Mi piacciono le clessidre, una cosa di me che è sempre saltata fuori, presto o tardi. Mai qualcuno che lo abbia ricordato, infatti non ne ho una e probabilmente me la comprerò per guardare la notte passare quando non dormo, la capovolgerò per farla ricominciare, perché non ero ancora pronta per dormire; oppure fermerò il tempo di un abbraccio, di un ti voglio bene o sulla risata di un bambino al parco giochi.

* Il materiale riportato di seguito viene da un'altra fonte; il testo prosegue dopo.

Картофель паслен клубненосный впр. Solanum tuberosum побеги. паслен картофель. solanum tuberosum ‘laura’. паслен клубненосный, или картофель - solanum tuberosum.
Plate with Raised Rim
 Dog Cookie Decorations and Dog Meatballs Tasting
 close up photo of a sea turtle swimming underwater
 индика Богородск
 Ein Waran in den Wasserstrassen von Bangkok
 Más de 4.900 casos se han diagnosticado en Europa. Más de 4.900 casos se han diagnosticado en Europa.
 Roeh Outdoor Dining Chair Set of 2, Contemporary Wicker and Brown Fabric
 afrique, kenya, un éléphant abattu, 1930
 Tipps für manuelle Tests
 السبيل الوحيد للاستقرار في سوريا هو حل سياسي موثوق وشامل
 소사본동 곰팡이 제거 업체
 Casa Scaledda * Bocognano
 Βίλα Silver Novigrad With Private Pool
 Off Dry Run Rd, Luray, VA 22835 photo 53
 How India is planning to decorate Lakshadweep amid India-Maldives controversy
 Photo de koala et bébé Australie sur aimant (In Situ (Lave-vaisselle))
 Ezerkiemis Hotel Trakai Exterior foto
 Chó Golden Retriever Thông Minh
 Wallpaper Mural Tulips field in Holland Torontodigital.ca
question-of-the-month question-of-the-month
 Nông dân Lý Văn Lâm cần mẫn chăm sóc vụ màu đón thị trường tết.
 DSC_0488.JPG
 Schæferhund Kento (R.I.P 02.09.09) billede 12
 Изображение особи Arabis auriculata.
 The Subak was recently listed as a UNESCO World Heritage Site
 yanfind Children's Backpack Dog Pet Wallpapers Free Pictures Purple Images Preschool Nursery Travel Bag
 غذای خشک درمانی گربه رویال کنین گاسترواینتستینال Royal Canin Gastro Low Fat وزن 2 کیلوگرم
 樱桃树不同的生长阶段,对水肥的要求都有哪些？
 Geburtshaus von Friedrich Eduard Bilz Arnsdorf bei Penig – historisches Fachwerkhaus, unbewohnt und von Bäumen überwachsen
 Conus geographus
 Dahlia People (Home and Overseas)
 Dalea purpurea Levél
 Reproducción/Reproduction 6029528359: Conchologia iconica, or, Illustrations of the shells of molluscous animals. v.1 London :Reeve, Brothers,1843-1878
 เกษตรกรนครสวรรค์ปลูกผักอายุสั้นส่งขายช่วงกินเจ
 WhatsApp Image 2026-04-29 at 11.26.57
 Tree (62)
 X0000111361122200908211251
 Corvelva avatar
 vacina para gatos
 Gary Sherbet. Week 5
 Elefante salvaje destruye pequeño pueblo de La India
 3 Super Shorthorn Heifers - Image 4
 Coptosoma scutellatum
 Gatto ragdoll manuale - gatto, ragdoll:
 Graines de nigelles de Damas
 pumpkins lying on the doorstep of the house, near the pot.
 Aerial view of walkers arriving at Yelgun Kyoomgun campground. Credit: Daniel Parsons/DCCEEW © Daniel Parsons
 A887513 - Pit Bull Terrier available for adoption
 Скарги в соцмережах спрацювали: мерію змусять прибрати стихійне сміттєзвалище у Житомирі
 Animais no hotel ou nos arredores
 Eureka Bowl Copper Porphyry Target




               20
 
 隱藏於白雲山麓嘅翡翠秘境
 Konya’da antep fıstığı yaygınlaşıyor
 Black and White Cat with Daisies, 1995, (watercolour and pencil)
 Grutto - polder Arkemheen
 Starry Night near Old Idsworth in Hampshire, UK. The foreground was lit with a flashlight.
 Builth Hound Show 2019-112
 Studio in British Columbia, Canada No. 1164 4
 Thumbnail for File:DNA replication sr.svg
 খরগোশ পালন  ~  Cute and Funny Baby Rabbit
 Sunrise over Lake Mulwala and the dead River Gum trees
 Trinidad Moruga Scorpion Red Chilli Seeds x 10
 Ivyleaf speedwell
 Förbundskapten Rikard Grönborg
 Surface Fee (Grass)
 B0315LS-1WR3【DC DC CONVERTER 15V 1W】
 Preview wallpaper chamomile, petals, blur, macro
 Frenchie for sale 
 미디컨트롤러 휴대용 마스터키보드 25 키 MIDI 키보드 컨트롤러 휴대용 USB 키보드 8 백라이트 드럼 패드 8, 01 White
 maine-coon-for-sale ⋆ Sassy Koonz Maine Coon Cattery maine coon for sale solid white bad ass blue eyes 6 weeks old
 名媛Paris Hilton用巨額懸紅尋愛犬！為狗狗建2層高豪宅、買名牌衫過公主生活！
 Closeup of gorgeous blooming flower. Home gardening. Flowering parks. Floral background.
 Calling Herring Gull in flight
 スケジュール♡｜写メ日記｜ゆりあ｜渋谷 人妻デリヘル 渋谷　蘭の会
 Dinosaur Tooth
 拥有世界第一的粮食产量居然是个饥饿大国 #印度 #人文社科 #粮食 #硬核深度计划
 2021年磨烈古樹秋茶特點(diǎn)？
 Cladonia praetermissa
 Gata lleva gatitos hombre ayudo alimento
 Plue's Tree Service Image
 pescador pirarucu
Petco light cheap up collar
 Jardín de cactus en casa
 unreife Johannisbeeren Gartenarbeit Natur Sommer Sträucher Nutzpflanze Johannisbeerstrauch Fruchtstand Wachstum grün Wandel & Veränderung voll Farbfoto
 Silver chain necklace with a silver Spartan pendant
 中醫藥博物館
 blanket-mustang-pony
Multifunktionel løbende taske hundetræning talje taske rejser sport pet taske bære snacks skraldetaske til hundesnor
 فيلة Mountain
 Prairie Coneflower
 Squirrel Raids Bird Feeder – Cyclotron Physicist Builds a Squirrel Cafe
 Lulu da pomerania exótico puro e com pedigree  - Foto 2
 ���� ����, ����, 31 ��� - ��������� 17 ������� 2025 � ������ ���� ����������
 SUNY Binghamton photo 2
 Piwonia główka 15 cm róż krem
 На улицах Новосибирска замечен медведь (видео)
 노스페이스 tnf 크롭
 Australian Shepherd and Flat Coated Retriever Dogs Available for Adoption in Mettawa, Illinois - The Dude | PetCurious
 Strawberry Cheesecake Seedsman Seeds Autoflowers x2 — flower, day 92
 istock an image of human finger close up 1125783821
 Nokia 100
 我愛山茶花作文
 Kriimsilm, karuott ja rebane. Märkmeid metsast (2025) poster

Una clessidra, per accarezzare il tempo distraendosi dai segni che affiorano sulla pelle, per sorridere senza paura, quando sei a metà strada o quando hai il bastone e senti l'infante urlare perché venuto al mondo.
Una clessidra accanto agli impersonali orologi, anacronistica e così appropriata, chiusa in una teca. Sfacciata, senza pile e senza carica, solo le tue mani che decidono quando è ora di darsi tempo; una sfida che conduci tu, almeno, finché il gioco resta chiuso in un'ampolla così sottile, mentre i tuoi fianchi vengono stretti e accarezzati da mani senza tempo, durante lo scorrere della vita. Stringi forte e ricominci, perché la sabbia è sangue.